But this idea goes considerably deeper than some tabloid notion of what sexuality means in music. The very notion of sex for Scriabin proceeded from a specific complex of aesthetic issues ascribed to and defined, in their Doctrine of Correspondences, by the Russian symbolists and the so-called Mystical Anarchists. In this context, which was in fact inspired by ancient Eastern cultural models, sex is a repository of energy, spirituality and meaning. They interpreted sexuality symbolically, as a reservoir of signifieds and signifiers. For Scriabin and his likeminded contemporaries sexual relations were an occasion for the collective expression of spiritual largesse and transcendence, looking upon it as an essentially religious, and thus ceremonial act.
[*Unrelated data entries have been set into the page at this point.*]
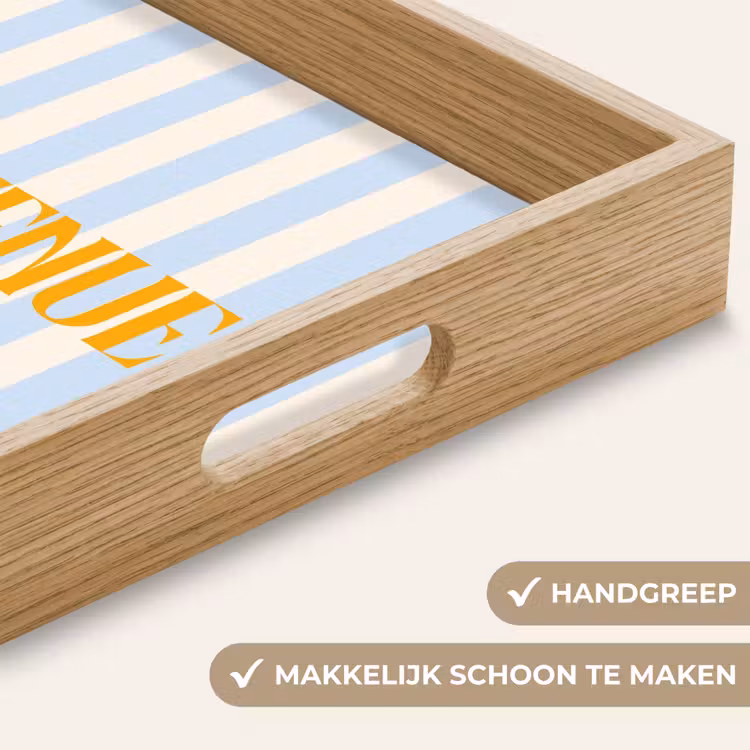 Dienblad - Oranje - Blauw - Strepen - Bienvenue — 5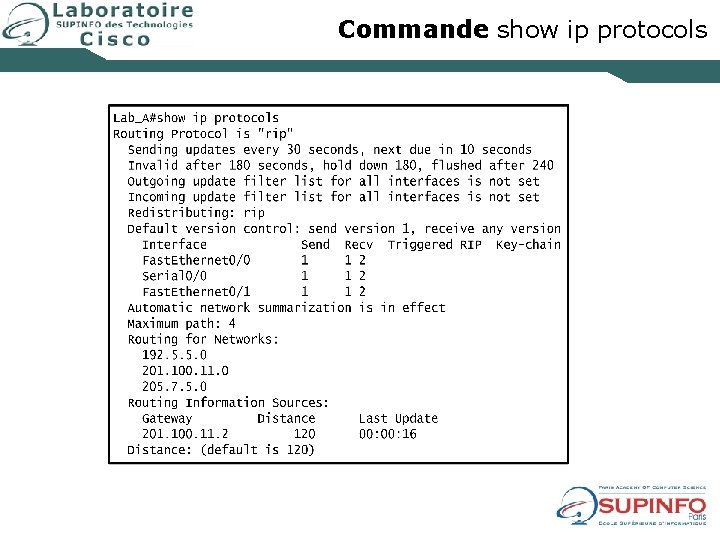 Commande show ip protocols 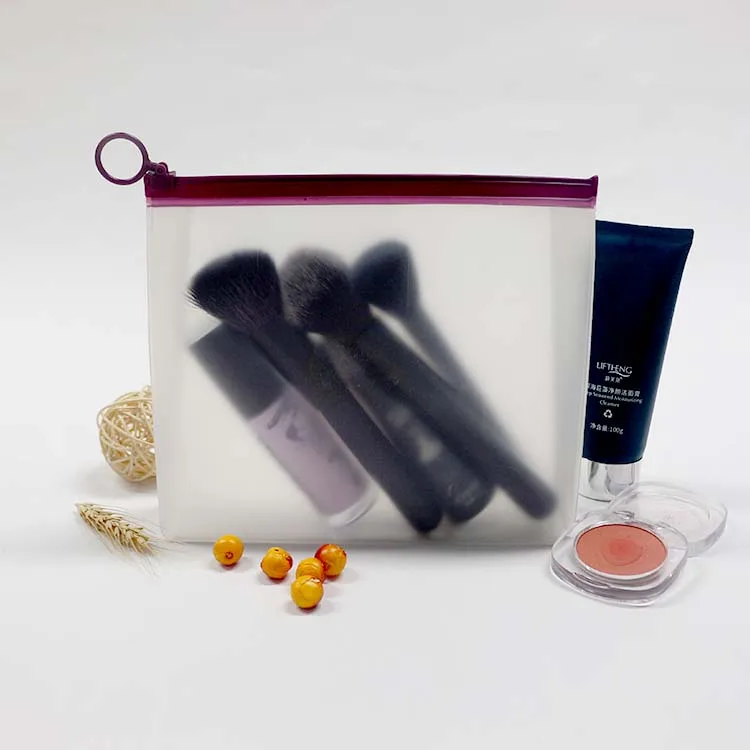 2024 Custom Logo TPU Frosted Clear Zipper Plastic Swimwear Bag Colored Vinyl Translucent Bikini Swimsuit Packaging Bag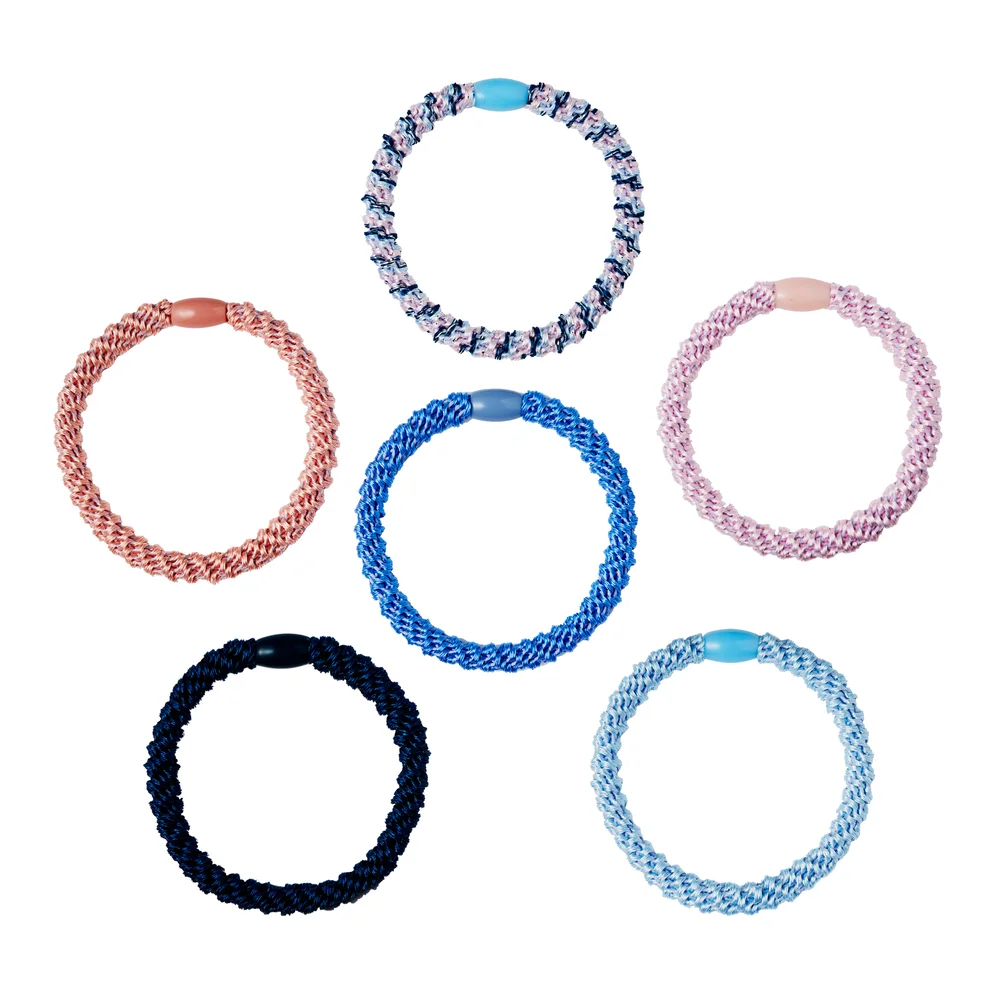 Woven Hair Tie Blu Mix 6-P Beauty v:5741632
Mr Boulez will have none of this. His stingy, prudish, metrically precise and rhythmically stillborn performance is remarkable for a kind of ersatz clarity that relies principally on the notes themselves. He conveniently wipes out any notion of ambiguity and fantasy, as if these elements could do nothing to enhance the music itself. Sorry to say, but Mr Boulez is as naïve and plainly unfamiliar as he is uncomfortable with Scriabin's musical universe. Without exception, his performances in all three works on this disc are dispassionate, unimaginative and cold-blooded. This is small scale, geriatric Scriabin, whose get up and go got up and went. Mr Boulez seems terrified of climax, so he simply avoids making any. His limp idea of ecstasy, for all the glories of the magnificent orchestra at his disposal, suggests the impoverished, distant memory of one who has lost his ability to know what the experience feels like. He gives us a Scriabin sorely in need of a Viagra fix.